--- WHAT TO WORK ON ---
Down to the last line, print the data that follows exactly, without its pictures.

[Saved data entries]
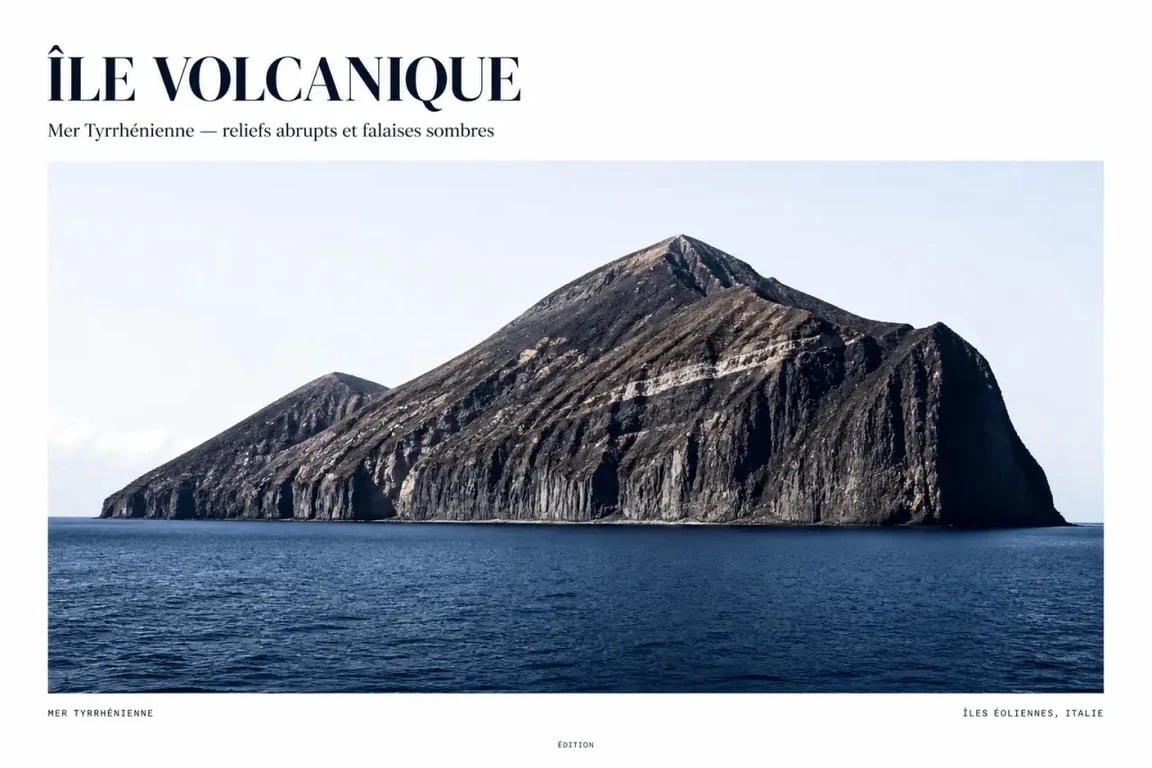 Paysage volcanique de la mer tyrrhénienne avec falaises et mer profonde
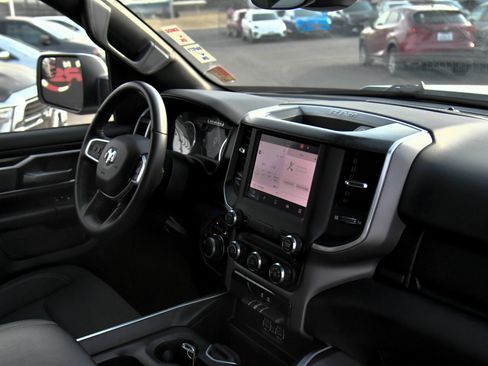 Used 2022 RAM 1500 Big Horn AWD/4WD image 48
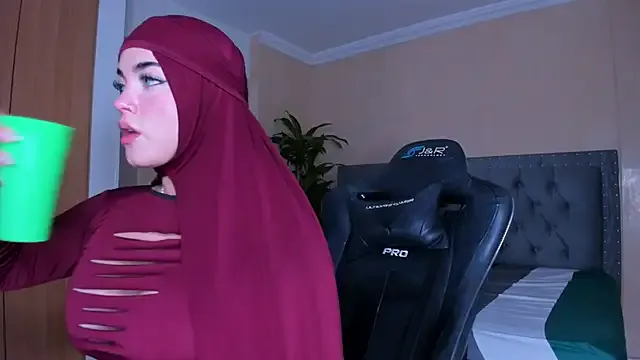 Bashira_Ahmad — Show stripdance and body naked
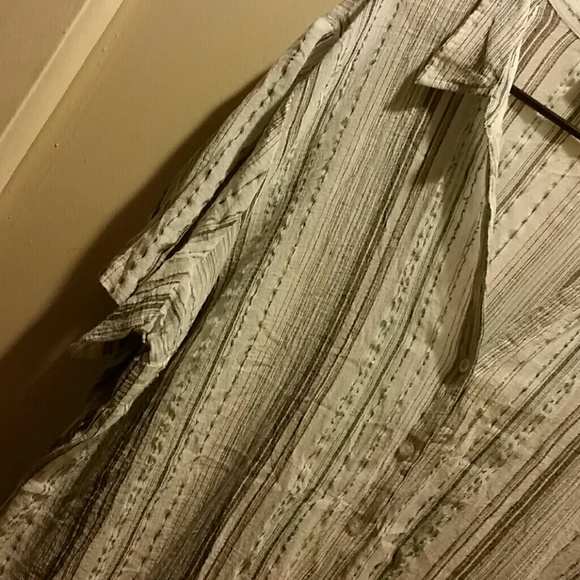 Blouse - Picture 3 of 3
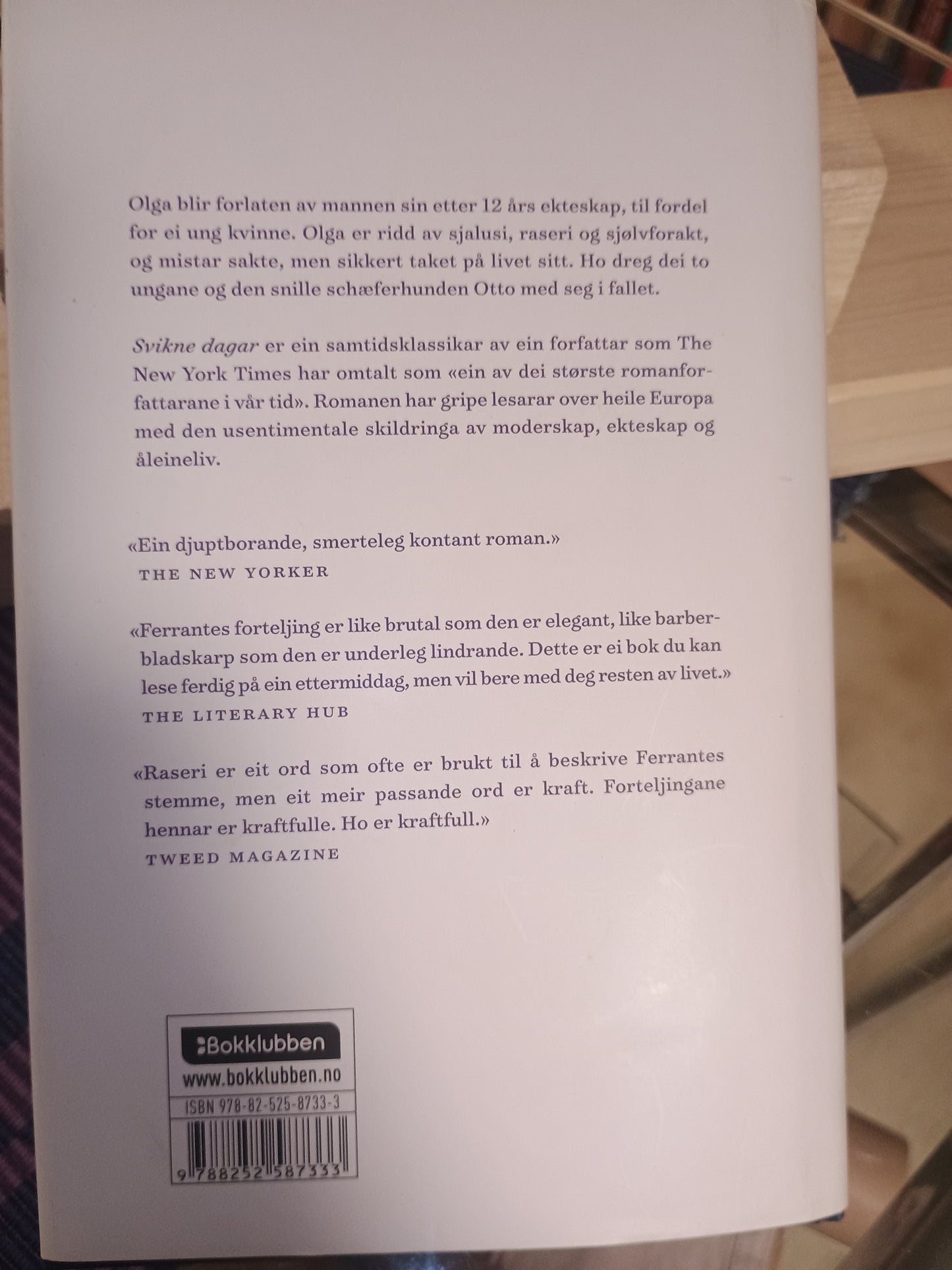 Svikne dagar, Elena Ferrante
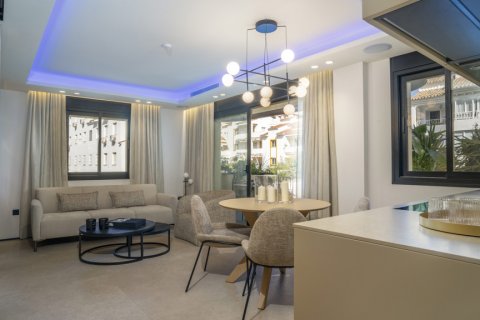 Apartamento en venta Marbella, Málaga, España 2 dormitorios, 108 m2 No. 106650 - foto 1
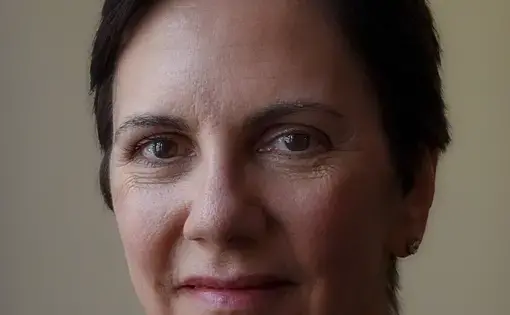 headshot of Lisa Gibbs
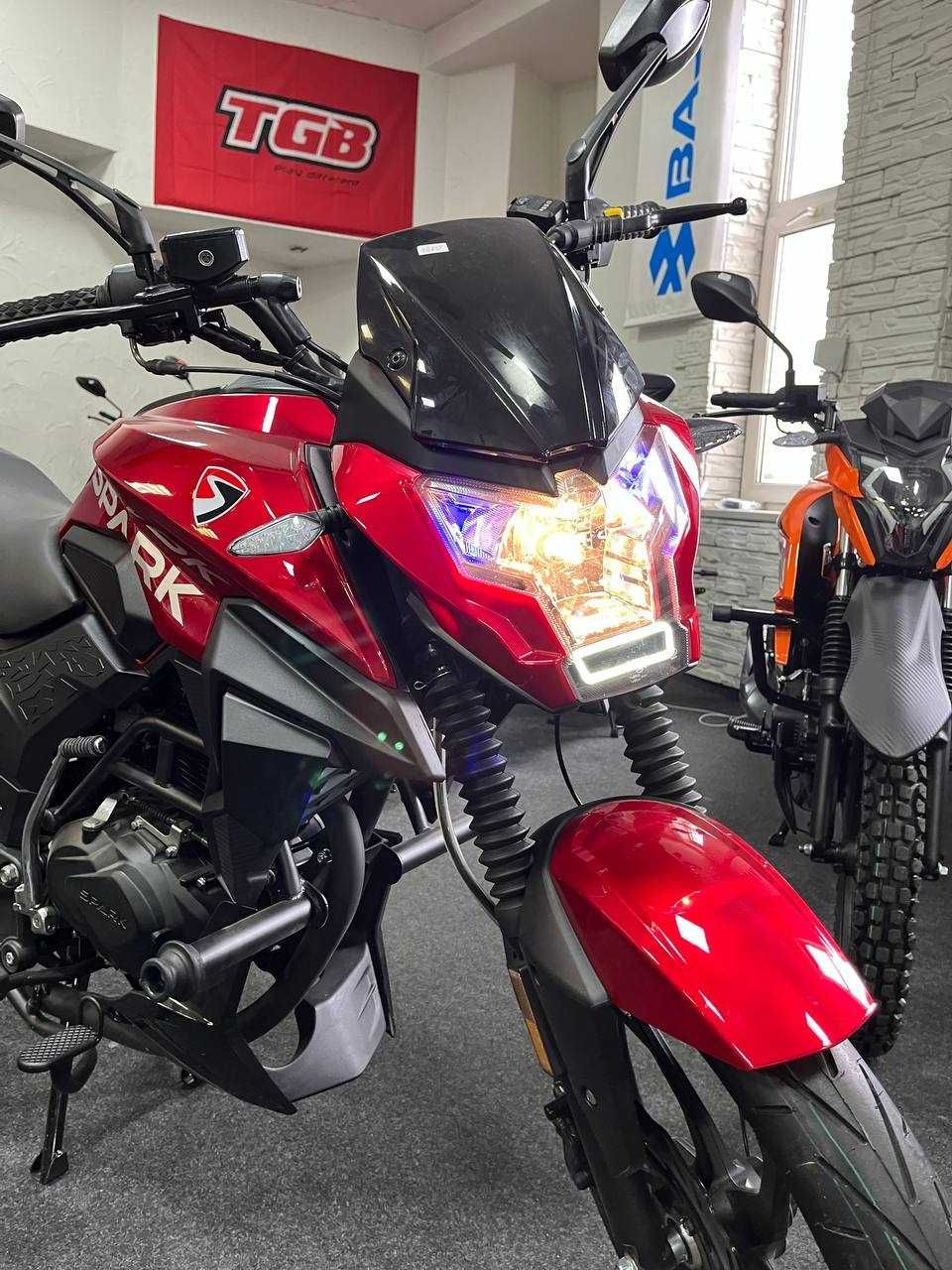 Мотоцикл SPARK SP200R-32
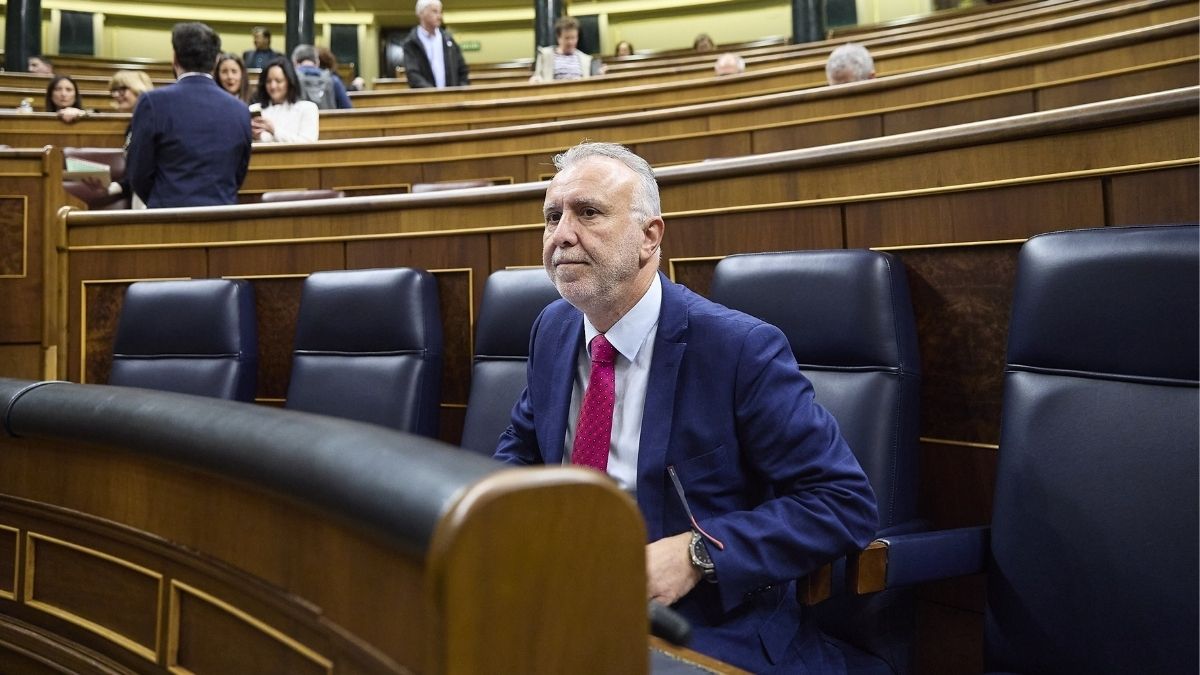 Torres defiende la legalidad de sus contratos en Canarias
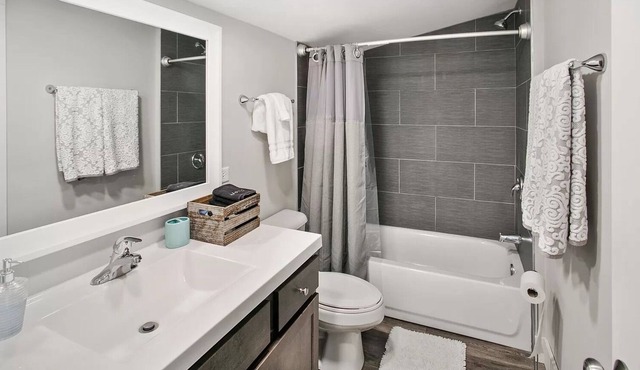 3BR Lake House ★ New Remodel ★ On Long Lake in Ingleside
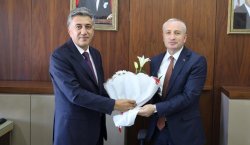 Çakan, Ağrı`daki görevine başladı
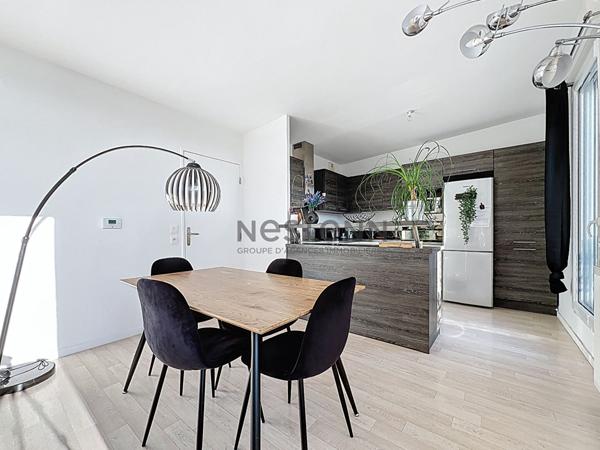 Appartement VAL POMPADOUR (limite CRETEIL) 3 pièces dernier étage avec terrasse!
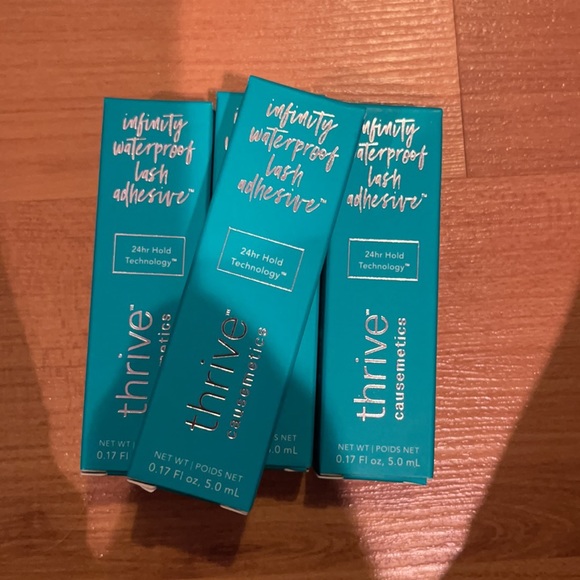 Thrive waterproof lash adhesive🤍 - Picture 6 of 6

--- ANSWER BOX ---
 Paysage volcanique de la mer tyrrhénienne avec falaises et mer profonde
 Used 2022 RAM 1500 Big Horn AWD/4WD image 48
 Bashira_Ahmad — Show stripdance and body naked
 Blouse - Picture 3 of 3
 Svikne dagar, Elena Ferrante
 Apartamento en venta Marbella, Málaga, España 2 dormitorios, 108 m2 No. 106650 - foto 1
 headshot of Lisa Gibbs
 Мотоцикл SPARK SP200R-32
 Torres defiende la legalidad de sus contratos en Canarias
 3BR Lake House ★ New Remodel ★ On Long Lake in Ingleside
 Çakan, Ağrı`daki görevine başladı
 Appartement VAL POMPADOUR (limite CRETEIL) 3 pièces dernier étage avec terrasse!
 Thrive waterproof lash adhesive🤍 - Picture 6 of 6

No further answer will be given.